The general market environment has supported the steady climb in average transaction multiples in the European mid-market, but is this a financial bubble? The short answer is no. Not while acquirers remain highly selective and the cost of money remains low. The current transaction multiples are very consistent with the cost of debt and expected returns for institutional investors – in fact, 10x EBITDA could be the new market standard going forward.

Note that 10 years ago, PE houses typically valued targets by expecting a 20% gross IRR (2.5x multiple in 5 years), however most of the players in the mid-market now base their valuation models on a 15% gross IRR and 2x multiple over 5 years.

This decrease in expected returns is also well aligned with changes in the cost of money: comparing the 2017-2018 period to the former valuation peaks (2007-2008 and 2000-2001), Euribor has fallen from c. 4% to negative rates; and government 10y bonds from 5% to less than 1%. This means that PE firms with a gross 15% IRR enjoy stable expected spreads of c. 15% on top of the cost of money.

Note, that this expected 15% gross IRR implies a 10% net IRR for institutional investors (PE houses take management fees of c. 2% p.a. + their carried interest).
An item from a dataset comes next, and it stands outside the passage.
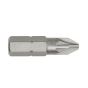 Pozi Size 3 x 50mm Crewdriver Bits Pack of 5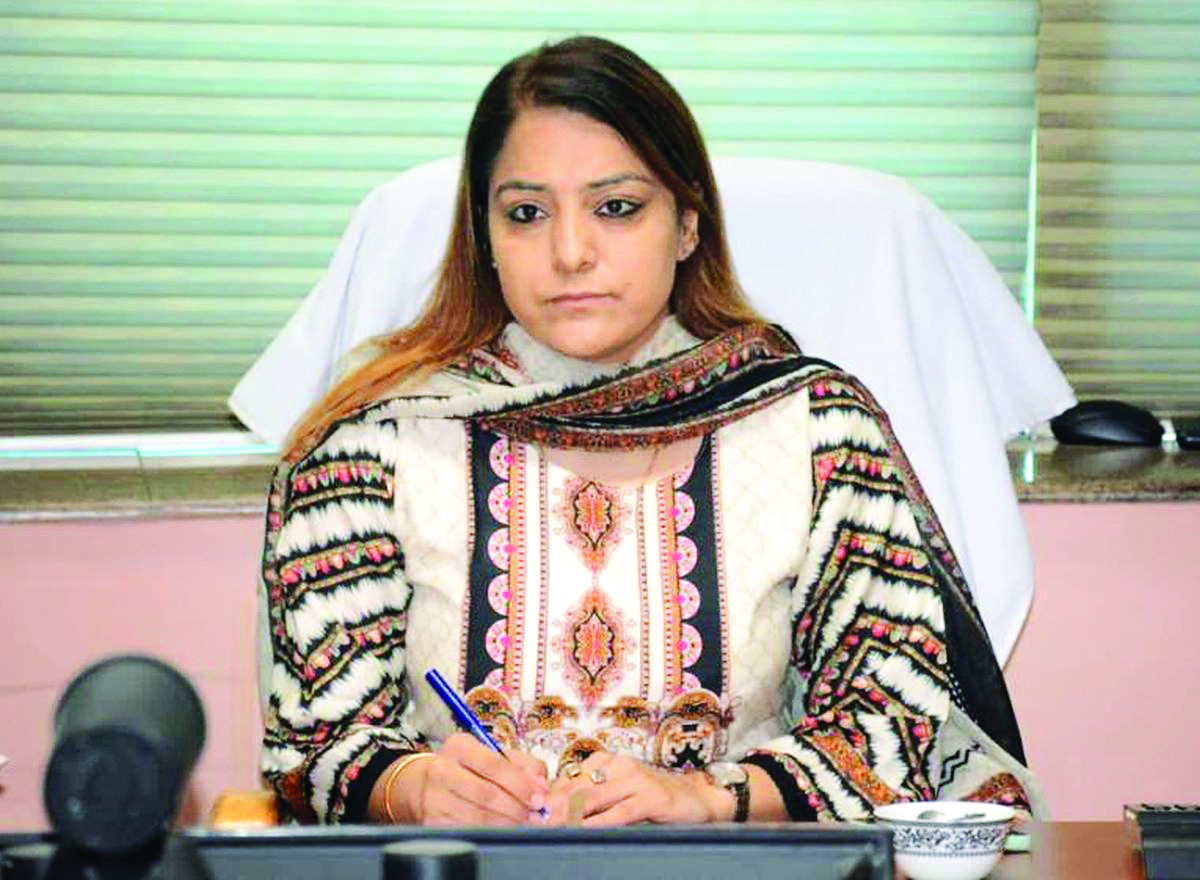 Delhi Mayor Shelly Oberoi moves SC on issue of transfer of powers Delhi Mayor Shelly Oberoi moves SC on issue of transfer of powers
And with this level of returns, the buy-out asset class still offers better returns than the stock market, real-estate investments and hedge funds, and also over time more stable returns and less volatility than the stock market.

To illustrate the impact of expected returns, we have run a valuation model for a company generating 15% EBITDA and 12% EBIT margins, growing at 5% p.a., financed 50% by financial debt @4.5% p.a. and 50% by equity. The implied EBITDA multiple stands at 10x EBITDA to generate a 15% IRR for the equity, but only 7xEBITDA to offer a 20% IRR.

The conclusion is that for unlisted mid-market firms decreasing returns expected by financial investors (and their institutional investors) have a major impact on transaction multiples: 2 to 3 points of EBITDA, meaning that 10x EBITDA today is comparable to 7 to 8x EBITDA 10 years ago!